Below are the entries; give again exactly the lines from the one mentioning "Oosters handgeknoopt tapijt" through the one mentioning "Fettuş Salata görseli", inclusive.

### Record set
*** Block opens ***
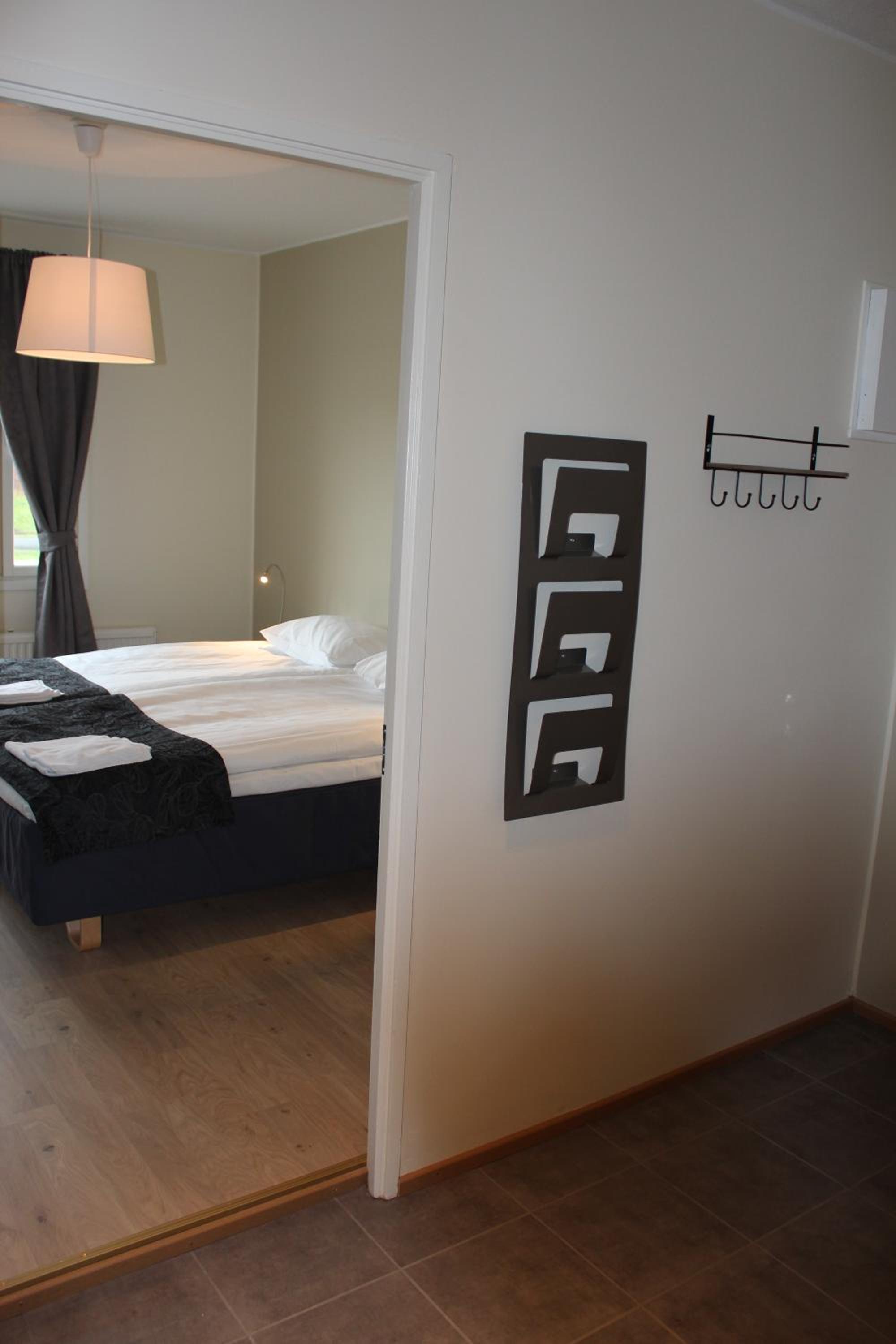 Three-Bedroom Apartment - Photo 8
*** Block closes ***
*** Block opens ***
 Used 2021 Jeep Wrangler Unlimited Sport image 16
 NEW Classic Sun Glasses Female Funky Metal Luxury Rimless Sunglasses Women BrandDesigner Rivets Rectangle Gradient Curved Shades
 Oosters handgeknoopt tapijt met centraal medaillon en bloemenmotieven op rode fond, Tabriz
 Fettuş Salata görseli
*** Block closes ***
### Written solution
 Oosters handgeknoopt tapijt met centraal medaillon en bloemenmotieven op rode fond, Tabriz
 Fettuş Salata görseli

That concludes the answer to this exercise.